Univerres d’artistes

Egidio Costantini avec Georges Braque, Incontro, 1954 © François Fernandez Photographe

Au Musée Lalique, les maîtres de l’Art moderne rencontrent le verre. Une vingtaine de pièces témoignent de l’art d’Egidio Costantini qui collabora avec les plus grands créateurs du XXe siècle : Picasso, Kokoschka, Braque, Arp, Chagall, Ernst…

Egidio Costantini (1912-2007) « pense avec le cœur et c’est par le souffle des forges du cœur qu’il prolonge les audaces transparentes et gracieuses de Venise », admira Jean Cocteau. Rien ne prédisposait cependant le verrier italien à embrasser une profession à laquelle il vint sur le tard et par hasard : alors distillateur de bois, il découvre dans ses fours refroidis d’étonnantes cristallisations aux envoutantes teintes bleues. Il décide de s’orienter vers le verre, se rend à Murano. D’abord représentant, il ouvre rapidement son atelier. Souhaitant travailler avec des artistes, Costantini envoie, au culot, une cinquantaine de lettres : seul le surréaliste Kino Krayer répond. Ce sera la première collaboration d’une longue série : dès le début des années 1950, il transforme des dessins de créateurs majeurs en œuvres en trois dimensions gracieuses, dans sa Fucina degli Angeli (Forge des Anges), réalisant l’alliance parfaite entre art et artisanat avec l’amicale complicité de la célèbre collectionneuse et mécène Peggy Guggenheim.

« Je voulais trouver un autre ordre, une autre valeur de l’homme dans la nature. Il ne devait plus être la mesure de toute chose, ni tout rapporter à sa mesure, mais au contraire toutes choses et l’homme devaient être comme la nature, sans mesure. Je voulais créer de nouvelles apparences, extraire de l’homme de nouvelles formes » écrivait Jean Arp dans Jours Effeuillés. Les pièces de verre ici présentées – le relief organique qu’est Figura-Torero et les formes d’une intense douceur de La Famiglia ou de Due Pupi – illustrent le crédo du natif de Strasbourg avec leur aspect épuré où se devine une puissante pulsation vitale.
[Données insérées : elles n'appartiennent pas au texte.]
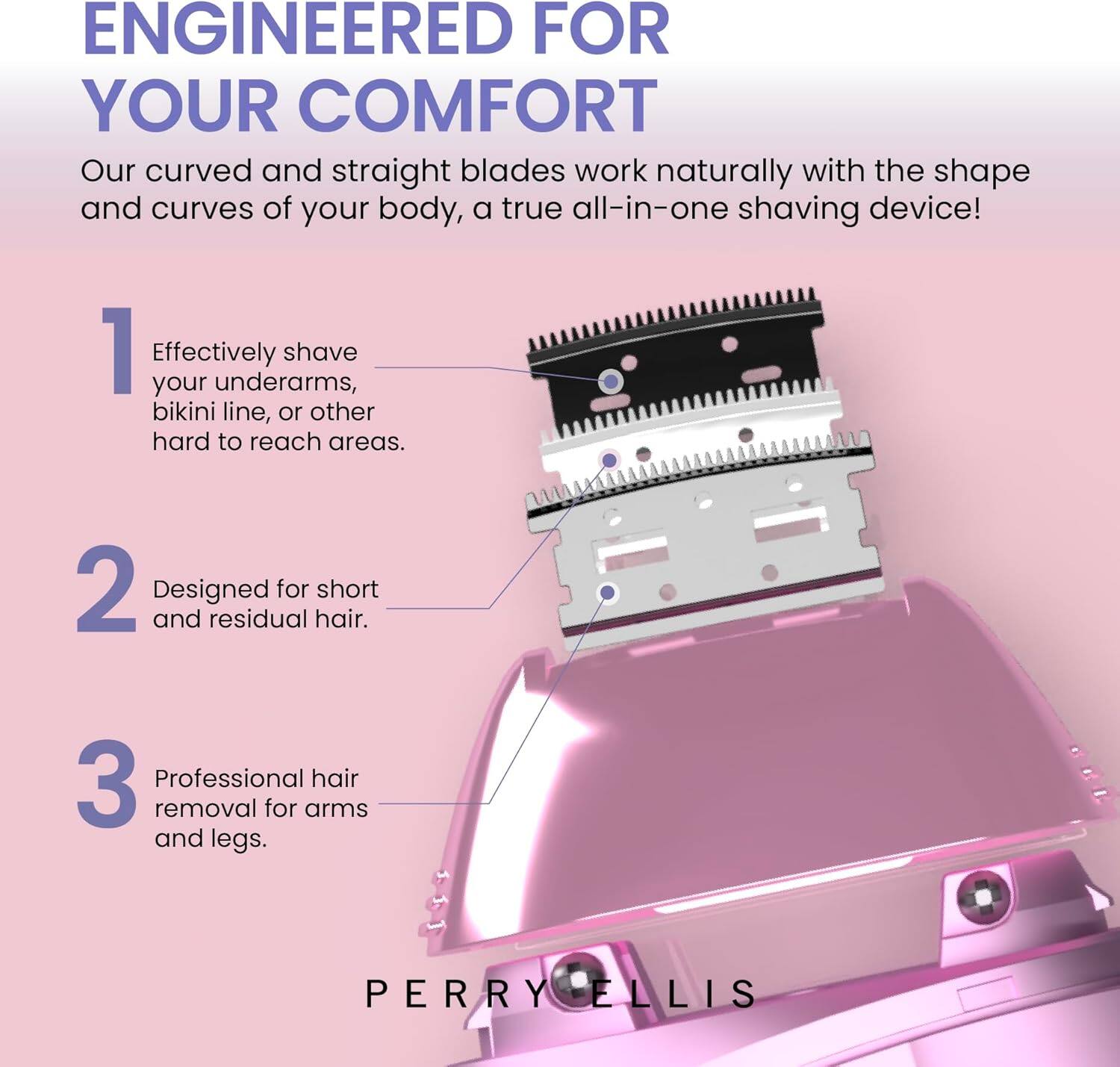 ENGINEERED FOR YOUR COMFORT

Our curved and straight blades work naturally with the shape and curves of your body, a true all-in-one shaving device!

1. Effectively shave your underarms, bikini line, or other hard-to-reach areas.
2. Designed for short and residual hair.
3. Professional hair removal for arms and legs.

PERRY ELLIS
Impression similaire dans le surprenant Bucranio du Corbusier évoquant de manière méditative le crâne d’une improbable bestiole appartenant à une espèce sans doute disparue depuis des millénaires. Au fil d’une exposition élégamment scénographiée – qui tient à la fois de l’aventure esthétique en forme de jeu permanent avec la lumière et de défi technique – on croise également deux charmants profils se faisant face, amoureux, de Georges Braque, les créations évoquant les vitraux de la Cathédrale de Metz de Marc Chagall, les animaux étranges de Max Ernst, le bestiaire fantastique de Pablo Picasso et l’abstraction géométrique rigoureuse de Lucio Fontana.